If I had read this ten years ago, back when drugs held a certain glamour, I would have been in awe of their dirty weekend. I had girlfriends who cried when Thompson died in 2005, since they had read his books in high school and seen their own drug consumption justified. If Thompson could gobble sheets of acid and still get played by Johnny Depp in the movie, then they, logic went, were pursuing art by doing stepped-on blow during weekend barbecues.

The same thing comes up with Requiem for a Dream, which I did actually see when I was sixteen. The climax features an amputation, an ECT session, and a double-ended dildo, and is all about how drugs are fun until they're really, really not. It was the alpha and omega of drug movies - a particularly stylish PSA about heroin and how crappy it'll make your life. The book, which is actually more upsetting, left me in a navy-blue funk for a week. The whole experience makes heroin seem awesome, until you're inevitably on the ward without an arm.

And on a much less drug-terror note, I finally saw Edward Scissorhands this summer, way, way too late. I loved it, because it's good, but if I had seen it when I was a kid, it could have taught me a ton about, you know, acceptance and difference and blah blah blah. Plus, Johnny Depp as Edward is just great, all tortured silence and ratty hair. I could have had a childhood kindred spirit in Edward Scissorhands's horribly messy 'do, instead of the Wakefield twins and their ridiculous heart-shaped faces and perfect blonde hair.

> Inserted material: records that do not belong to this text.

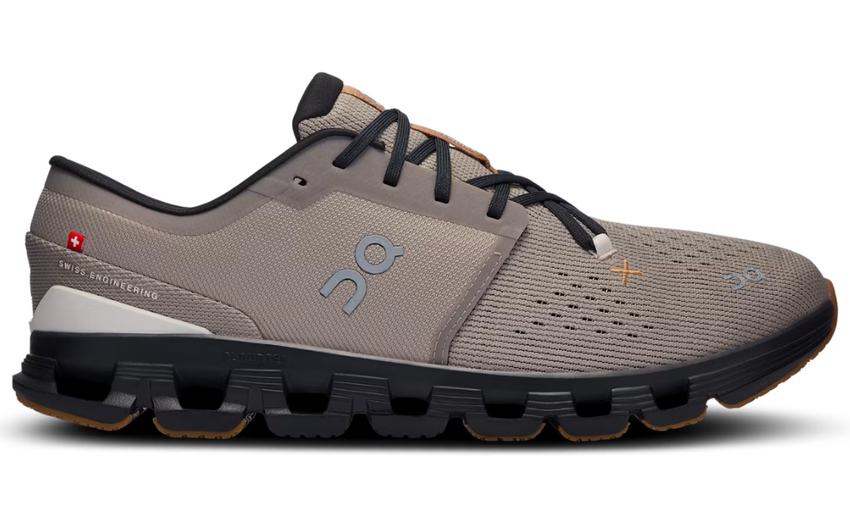 On Cloud X 4 "Fog | Black"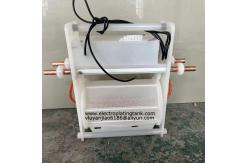 China Ф160*300mm Nickel Plating Machine PP Plating Barrel For Electroplating supplier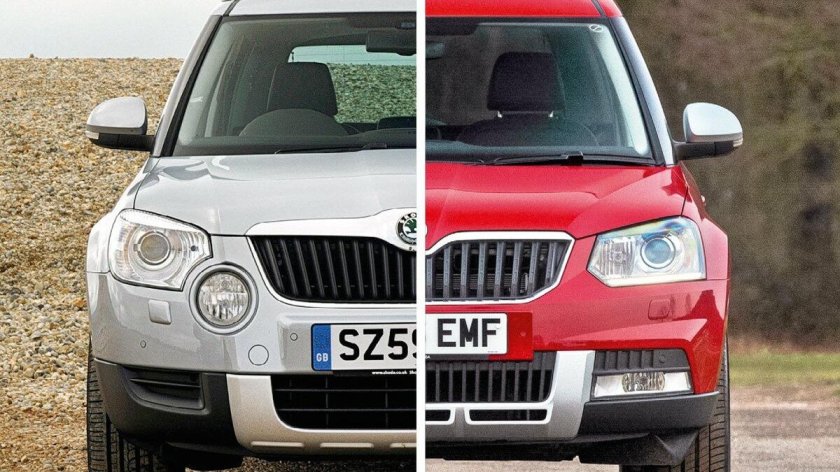 Шкода Йети 1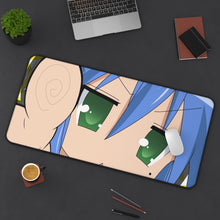 Load image into Gallery viewer, Lucky Star Konata Izumi Mouse Pad (Desk Mat) On Desk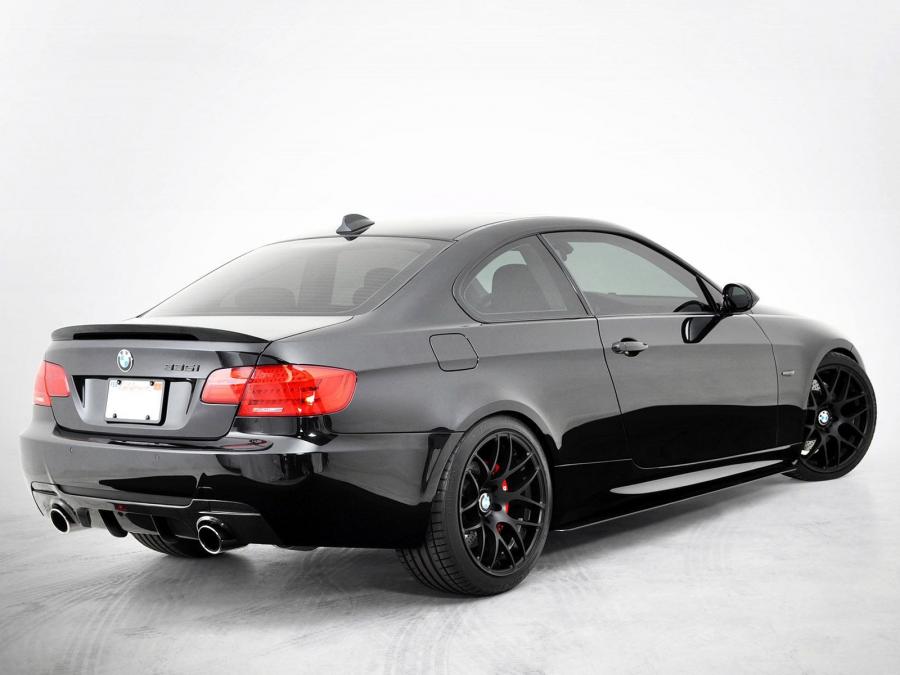  BMW 335i Coupe Black Saphire by EAS 2012 года  (фото 7 из 9)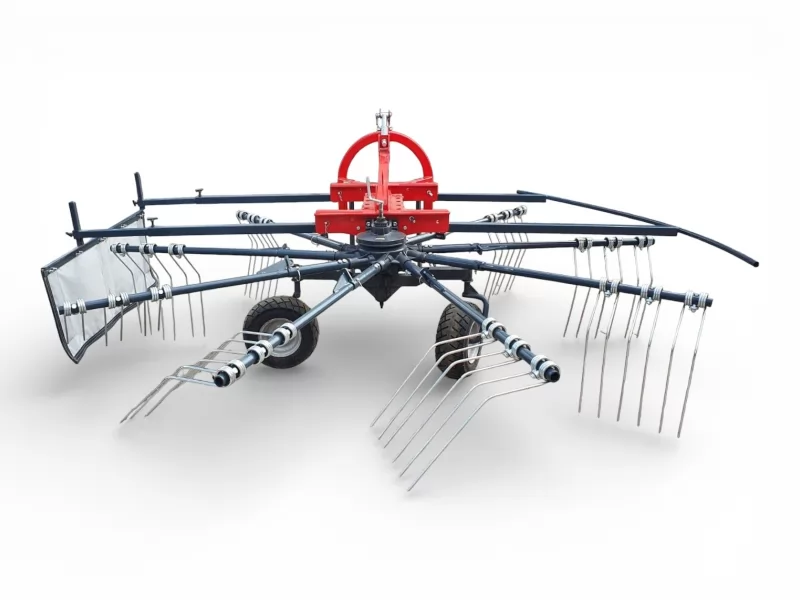 Şanzımanlı Ot Toplama Makinesi - Helikopter - Agro Satex
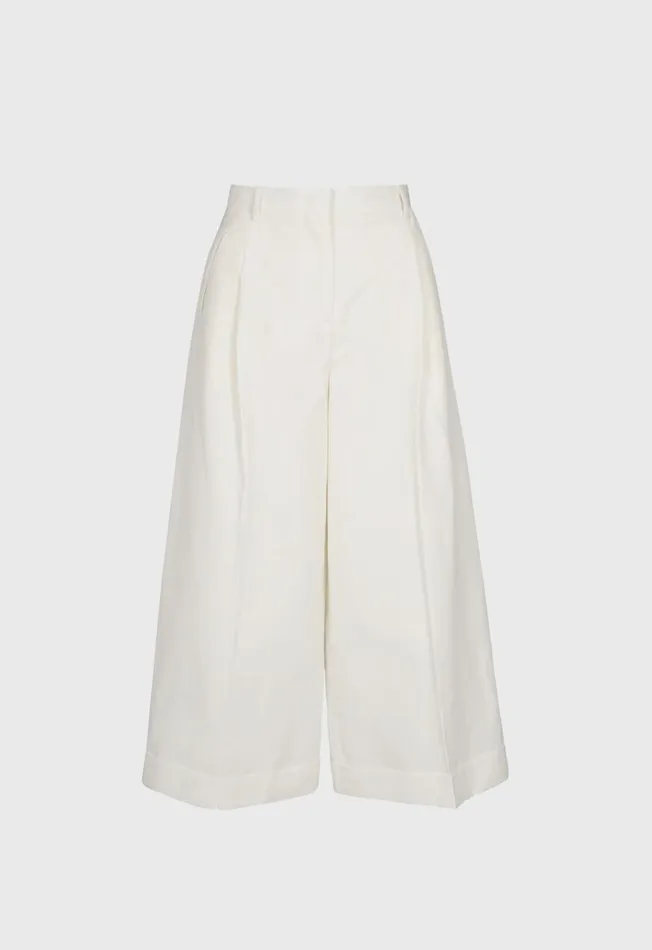 Paul Stuart Bottoms Culotte Pant Bright Blue 8211 Women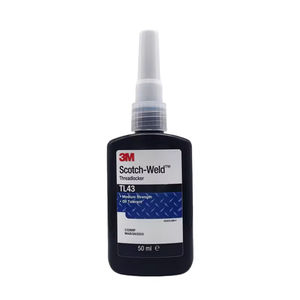 3เมตร TL43เชื่อมแบบสก๊อตแลนด์กาวเกลียวล็อกเกอร์ชุดสารผนึกด้ายแข็งประสิทธิภาพสูงทนต่อการกัดกร่อน - Product Image 1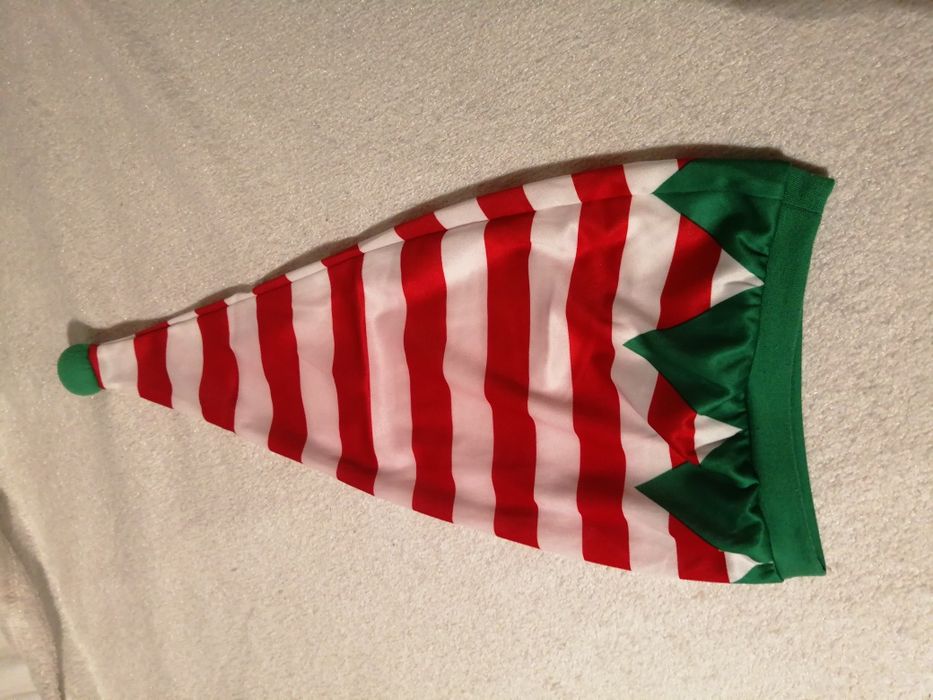 Strój skrzata, pomocnik świętego Mikołaja, Elf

It's hard catching up on pop-culture references. Internet memes have a shelf life of weeks - once you've missed the boat on those, you're basically out of the running, joke-wise. Movies and TV shoes are a little more durable, but smoke-monster jokes are dunzo and "I am Jack's raging sense of inanity" are a dying breed. Not that it's impossible to cast your mind back to full stuff you loved a decade ago; more that, if you miss the moment, it's sort of hard to join in at a later date. You lose that head-space: things that were amazing to your younger self (the drug lore, the fight clubs, the dirty lays) morph into things that make us go "ew."

I remember the first time I saw The Matrix. I literally rewound the tape - this was back in the olden days, when movies didn't have chapters - and watched it again, straight through, barely breathing. It was so awesome, so epic, so punchy and green and blue and Keanu! It was awesome in a way that, twenty years from now, is going to be dated. Teenagers, looking for the thrills that thrilled their parents, are going to download that movie and watch it, wondering what all the fuss is about. Making it, not bad, but very much of its time - like Hunter S. Thompson, it'll be a kind of pop culture Mary Celeste, drifting along, influential and exciting but ultimately meant for a certain person in a certain moment.


  1. dude. I saw the Matrix a year after it came out on a bus to Quebec with my fellow grade 8's. I had to spend 6 hours pretending it did not just change my life, because I had "totally already seen it"

  2. Hunter S Thompson is much more time resistant that the matrix. Shoot yourself.

    1. It's less about what's more resilient throughout time, and more than there are things - like movies, books, albums and memes - that have a "you had to be there" sort of quality.

      I understand Thompson's point and purpose, and he's a fine writer, but his words didn't write themselves on my bones the way they could have if I was really into drugs and really impressionable.